Et j'errai, surpris comme si j'avais découvert l'habitation d'un dieu à travers ces salles portées par des colonnes légères ou pesantes, à travers ces couloirs percés à jour, levant mes yeux émerveillés sur ces clochetons qui semblent des fusées parties vers le ciel et sur tout cet emmêlement incroyable de tourelles, de gargouilles, d'ornements sveltes et charmants, feu d'artifice de pierre, dentelle de granit, chef-d’œuvre d'architecture colossale et délicate.

Comme je restais en extase, un paysan bas normand m'aborda et me raconta l'histoire de la grande querelle de saint Michel avec le diable.

Un sceptique de génie a dit: "Dieu a fait l'homme à son image, mais l'homme le lui a bien rendu."
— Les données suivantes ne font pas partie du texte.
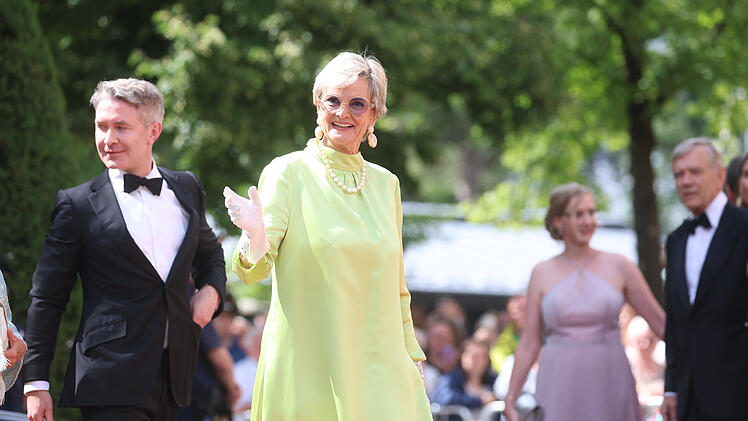 Start der Bayreuther Festspiele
Ce mot est d'une éternelle vérité et il serait fort curieux de faire dans chaque continent l'histoire de la divinité locale, ainsi que l'histoire des saints patrons dans chacune de nos provinces. Le nègre a des idoles féroces, mangeuses d'hommes; le mahométan polygame peuple son paradis de femmes; les Grecs, en gens pratiques, avaient divinisé toutes les passions.

Chaque village de France est placé sous l'invocation d'un saint protecteur, modifié à l'image des habitants.
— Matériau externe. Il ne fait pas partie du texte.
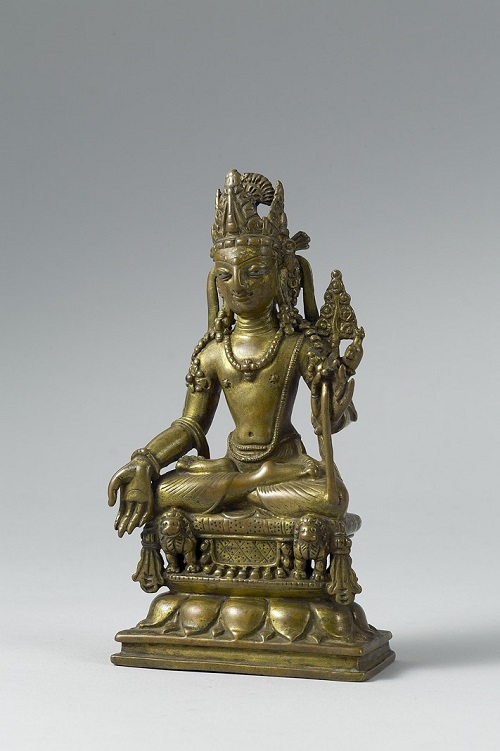 Seated Bodhisattva Maitreya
Or saint Michel veille sur la Basse-Normandie, saint Michel, l'ange radieux et victorieux, le porte-glaive, le héros du ciel, le triomphant, le dominateur de Satan.

Mais voici comment le Bas normand, rusé, cauteleux, sournois et chicanier, comprend et raconte la lutte du grand saint avec le diable.

Pour se mettre à l'abri des méchancetés du démon, son voisin, saint Michel construisit lui-même, en plein Océan, cette habitation digne d'un archange; et, seul, en effet, un pareil saint pouvait se créer une semblable résidence.

Mais, comme il redoutait encore les approches du Malin, il entoura son domaine de sables mouvants plus perfides que la mer.

Le diable habitait une humble chaumière sur la côte; mais il possédait les prairies baignées d'eau salée, les belles terres grasses où poussent les récoltes lourdes, les riches vallées et les coteaux féconds de tout le pays; tandis que le saint ne régnait que sur les sables. De sorte que Satan était riche, et saint Michel était pauvre comme un gueux.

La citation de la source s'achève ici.